Without getting too complicated with mathematical equations, there are simple ways to help us figure out what target heart rate zone we should be exercising in. The best way we can measure exercise intensity is by using a heart rate monitor! Popular gadgets like the FitBit and AppleWatch have heart rate monitors built right in so it is becoming easier than ever to track heart rate during exercise. Most cardio machines have heart rate hand sensors to give an estimate of working heart rate, but these can sometimes be misleading and not very accurate. The talk test, and perceived exertion scale are other good ways of monitoring intensity level that go based on how you feel and do not require any equipment at all. 

 

Ways of Adding Intensity to Your Training 

Strength training: Try taking minimal breaks between exercises and sets. Add full body, explosive movements into your circuit training to get your heart rate up. 

 

Cardio Training: Try interval training!
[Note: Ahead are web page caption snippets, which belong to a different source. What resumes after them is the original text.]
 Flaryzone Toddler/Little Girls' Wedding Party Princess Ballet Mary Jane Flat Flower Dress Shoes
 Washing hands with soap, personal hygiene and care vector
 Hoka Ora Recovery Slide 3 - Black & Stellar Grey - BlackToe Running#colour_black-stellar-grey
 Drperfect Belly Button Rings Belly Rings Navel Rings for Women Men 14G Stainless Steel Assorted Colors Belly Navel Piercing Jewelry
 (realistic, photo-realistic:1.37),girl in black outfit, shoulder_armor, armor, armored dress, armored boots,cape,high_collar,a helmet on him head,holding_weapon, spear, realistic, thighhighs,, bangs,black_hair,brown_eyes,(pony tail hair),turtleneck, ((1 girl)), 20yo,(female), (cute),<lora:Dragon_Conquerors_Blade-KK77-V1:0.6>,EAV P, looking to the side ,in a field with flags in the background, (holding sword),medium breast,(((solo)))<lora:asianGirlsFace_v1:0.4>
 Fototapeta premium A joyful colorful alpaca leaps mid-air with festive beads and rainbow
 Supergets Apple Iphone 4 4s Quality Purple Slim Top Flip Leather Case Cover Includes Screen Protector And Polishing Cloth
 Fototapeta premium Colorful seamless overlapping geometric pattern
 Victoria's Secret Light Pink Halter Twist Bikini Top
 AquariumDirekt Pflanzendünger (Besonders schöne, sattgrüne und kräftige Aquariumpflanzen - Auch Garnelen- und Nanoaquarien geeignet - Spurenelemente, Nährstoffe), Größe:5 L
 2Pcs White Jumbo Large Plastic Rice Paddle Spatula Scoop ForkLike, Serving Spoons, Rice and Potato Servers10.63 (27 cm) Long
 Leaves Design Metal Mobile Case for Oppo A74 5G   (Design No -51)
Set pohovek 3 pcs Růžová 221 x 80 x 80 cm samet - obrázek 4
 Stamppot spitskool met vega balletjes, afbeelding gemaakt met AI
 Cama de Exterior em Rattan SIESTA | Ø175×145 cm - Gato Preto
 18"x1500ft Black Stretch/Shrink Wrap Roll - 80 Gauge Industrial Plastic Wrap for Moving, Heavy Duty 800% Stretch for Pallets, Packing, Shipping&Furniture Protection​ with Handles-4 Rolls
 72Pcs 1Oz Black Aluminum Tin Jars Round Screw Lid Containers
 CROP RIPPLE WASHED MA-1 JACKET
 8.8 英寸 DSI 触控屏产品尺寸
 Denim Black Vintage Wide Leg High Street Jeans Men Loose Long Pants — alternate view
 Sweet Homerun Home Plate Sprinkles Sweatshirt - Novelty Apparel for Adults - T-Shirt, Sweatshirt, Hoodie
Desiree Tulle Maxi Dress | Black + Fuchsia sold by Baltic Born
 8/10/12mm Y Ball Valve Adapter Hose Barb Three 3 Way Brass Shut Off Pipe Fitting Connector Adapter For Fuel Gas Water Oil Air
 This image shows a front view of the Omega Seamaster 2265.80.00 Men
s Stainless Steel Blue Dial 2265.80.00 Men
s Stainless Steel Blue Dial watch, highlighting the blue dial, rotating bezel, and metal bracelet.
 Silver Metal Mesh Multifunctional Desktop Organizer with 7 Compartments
For example, if you like to walk on the treadmill, try increasing the incline up high to walk up hill for 2 minutes, than bring the incline back down to allow yourself to recover. You can repeat this as many times as it takes to tire yourself out!

 

Try something new! Fitness classes and having a personal trainer can help you challenge your body further than what you would normally do on your own. A personal trainer can calculate all your target heart rate zones to make sure you are working at the correct level of intensity for your specific goals.

 

Progression

Another important point about exercise intensity is the Law of Progression. According to the Canadian Society for Exercise Physiology, the law of progression states: "As an individuals capacity improves, they will be able to do more work and the initial program may not be sufficient to stimulate continued physiological adaptation." (CSEP pg. 128) Based in this principle, the initial workload must increase to see continued improvements in fitness. There are three main ways of progressing a workout program, you can use Frequency, (perhaps exercising 3 days per week instead of 2) Duration, (extending the length of time your workout takes) and of course adding Intensity. For anyone new to exercise, focusing on frequency and duration as forms of progression are better ways of encouraging steady progression rather than adding intensity right away. Light or very light intensity effort that replaces sedentary behaviour can also reduce the risk of chronic disease and still provide further health benefits. 

 

Think About Your Goals!

Exercise should reflect what you want to achieve. For example, if your goal is weight loss, losing weight is about reaching a calorie deficit. You need to burn more calories through exercise than you take in with food. In doing so, your body needs to be working at a moderate to vigorous effort to be able to see your desired results. Whatever your fitness goals, its crucial to start slow. Over exercising can lead to burn out and put you at an increased risk of injury. If you're new to exercise starting slow is the best way to learn to enjoy exercise and slowly make it part of your weekly routine. Fitness is a journey, not a destination so make sure you choose a workout routine you enjoy!